YOUR INSTRUCTIONS: In the entries below, find the line with "image for Tsmile" and print exactly every line from there up to and including the line with "T-shirt manches longues", with no other lines.

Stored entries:
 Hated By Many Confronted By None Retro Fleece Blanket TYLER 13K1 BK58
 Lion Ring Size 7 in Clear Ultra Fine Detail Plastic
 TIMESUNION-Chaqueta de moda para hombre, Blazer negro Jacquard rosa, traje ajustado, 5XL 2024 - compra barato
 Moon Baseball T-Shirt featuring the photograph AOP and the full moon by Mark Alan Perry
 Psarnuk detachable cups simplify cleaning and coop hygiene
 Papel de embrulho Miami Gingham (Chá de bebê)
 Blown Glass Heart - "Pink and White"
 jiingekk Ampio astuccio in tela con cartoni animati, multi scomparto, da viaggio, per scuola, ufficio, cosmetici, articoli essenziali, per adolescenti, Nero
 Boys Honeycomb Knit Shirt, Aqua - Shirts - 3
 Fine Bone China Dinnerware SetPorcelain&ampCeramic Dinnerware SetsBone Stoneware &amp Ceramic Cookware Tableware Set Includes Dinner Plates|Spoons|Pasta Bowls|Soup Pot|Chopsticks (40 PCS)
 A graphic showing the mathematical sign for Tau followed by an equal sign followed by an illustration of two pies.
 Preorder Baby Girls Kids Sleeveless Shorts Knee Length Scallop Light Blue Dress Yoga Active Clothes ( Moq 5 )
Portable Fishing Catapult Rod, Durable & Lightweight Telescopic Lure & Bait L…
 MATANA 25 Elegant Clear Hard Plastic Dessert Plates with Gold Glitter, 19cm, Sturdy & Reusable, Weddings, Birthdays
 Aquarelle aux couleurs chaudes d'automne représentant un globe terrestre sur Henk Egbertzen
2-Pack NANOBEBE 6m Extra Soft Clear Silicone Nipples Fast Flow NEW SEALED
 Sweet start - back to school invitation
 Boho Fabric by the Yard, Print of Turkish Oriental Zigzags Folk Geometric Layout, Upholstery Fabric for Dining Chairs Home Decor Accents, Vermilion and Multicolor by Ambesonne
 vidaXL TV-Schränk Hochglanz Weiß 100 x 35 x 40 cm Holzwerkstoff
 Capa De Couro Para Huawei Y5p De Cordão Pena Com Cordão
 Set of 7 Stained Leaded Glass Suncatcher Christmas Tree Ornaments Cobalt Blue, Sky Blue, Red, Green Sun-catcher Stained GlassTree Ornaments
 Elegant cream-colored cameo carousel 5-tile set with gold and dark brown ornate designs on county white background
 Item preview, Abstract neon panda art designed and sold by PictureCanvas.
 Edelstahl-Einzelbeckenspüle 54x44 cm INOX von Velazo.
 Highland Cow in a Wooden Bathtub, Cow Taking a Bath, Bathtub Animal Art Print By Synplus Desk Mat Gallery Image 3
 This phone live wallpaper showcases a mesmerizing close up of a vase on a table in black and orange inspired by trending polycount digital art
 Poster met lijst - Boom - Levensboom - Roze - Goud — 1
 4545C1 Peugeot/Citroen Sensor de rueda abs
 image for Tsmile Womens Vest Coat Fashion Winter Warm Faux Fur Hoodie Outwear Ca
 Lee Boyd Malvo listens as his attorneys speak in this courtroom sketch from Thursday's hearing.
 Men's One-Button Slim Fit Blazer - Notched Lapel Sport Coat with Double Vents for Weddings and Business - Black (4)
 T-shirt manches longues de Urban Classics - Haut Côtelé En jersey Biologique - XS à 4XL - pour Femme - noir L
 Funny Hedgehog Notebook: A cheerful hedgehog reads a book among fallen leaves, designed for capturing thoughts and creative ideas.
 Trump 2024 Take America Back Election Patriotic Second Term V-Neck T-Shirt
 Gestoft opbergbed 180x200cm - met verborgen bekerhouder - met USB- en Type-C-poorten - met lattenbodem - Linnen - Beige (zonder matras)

ANSWER AREA:
 image for Tsmile Womens Vest Coat Fashion Winter Warm Faux Fur Hoodie Outwear Ca
 Lee Boyd Malvo listens as his attorneys speak in this courtroom sketch from Thursday's hearing.
 Men's One-Button Slim Fit Blazer - Notched Lapel Sport Coat with Double Vents for Weddings and Business - Black (4)
 T-shirt manches longues de Urban Classics - Haut Côtelé En jersey Biologique - XS à 4XL - pour Femme - noir L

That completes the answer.